Considering the increasing importance of China to the west, both politically and economically, Fain says, “How can you talk about New York and not talk about Shanghai — or Seoul, where there has long been a fantastic local art scene?” Chinese collectors are some of the wealthiest, and are still the main buyers of Chinese contemporary art.

When it comes to art collecting today, the connection between Paris and Asia hangs on the enthusiasm of a few dedicated collectors, among them Jean Pigozzi, who focuses on Japan, and the husband-and-wife team of Sylvain and Dominique Levy, who are invested in Chinese and Korean work.

“Asia Now isn’t really an art fair, it’s a rencontre, an open house,” says Dominique Levy (who is no relation to her namesake, the co-founder of Lévy Gorvy gallery). Her Parisian apartment displays an exquisite assemblage of contemporary design pieces by names including Marc Newson and Mattia Bonetti. But many of the artworks are Chinese: on show are Zheng Guogu, Jia Aili and Miao Ying.

QIU ZHIJIE Map of Mythology  2019 Chinese ink on paper 45 x 125 cm Courtesy: the artist and GALLERIA CONTINUA/ Ela Bialkowska
Qiu Zhijie's 'Map of Mythology' (2019) © Courtesy the artist and Galleria Continua/Ela Bialkowska

Fain believes that there are also plenty of young potential collectors out there — both Asian and European.
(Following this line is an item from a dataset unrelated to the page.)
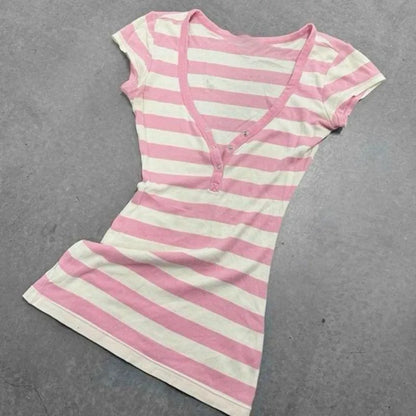 American Retro Hottie T-shirts Pink Striped V-neck Short-sleeved Tees Women's Slim-fit All Match Sweet Tops Casual Streetwear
She is hoping to pique their curiosity with the fair’s Platform section, this year with a focus on digital works, curated by Xiaorui Zhu-Nowell.

In previous years, the Platform sections have looked at particular places (last year’s was Japan; the installation was designed by architect Sou Fujimoto). “But I have a strong distaste for regional thinking,” says Zhu-Nowell, who is also a curator at the Guggenheim in New York. “An important part of my queer politics is thinking up ways to destabilise apparatuses like that.”

Instead, under the heading “IRL” (or “in real life”, in internet speak), Zhu-Nowell has looked for “artistic practice that is outside the ‘centre’” — such as an installation by the Canada-based artist Victoria Sin, who subtly subverts the standard narratives of drag.

Elsewhere, the serenity of Paris’s eighth arrondissement will prevail. For example, Galleria Continua (which has spaces in China, Cuba and France as well as Italy) is presenting exquisite maps by Qiu Zhijie, who employs the traditions of calligraphy, ink painting and Chinese myth in the service of an acerbic social narrative.

When Fain started Asia Now, the world looked rather different. Now, with the escalating unrest in Hong Kong and elsewhere in the region, and the trade disputes between the US and China, which could well affect the import and export of artworks, the fair might even find it has another less expected role, as a safe place for collectors and dealers to do business.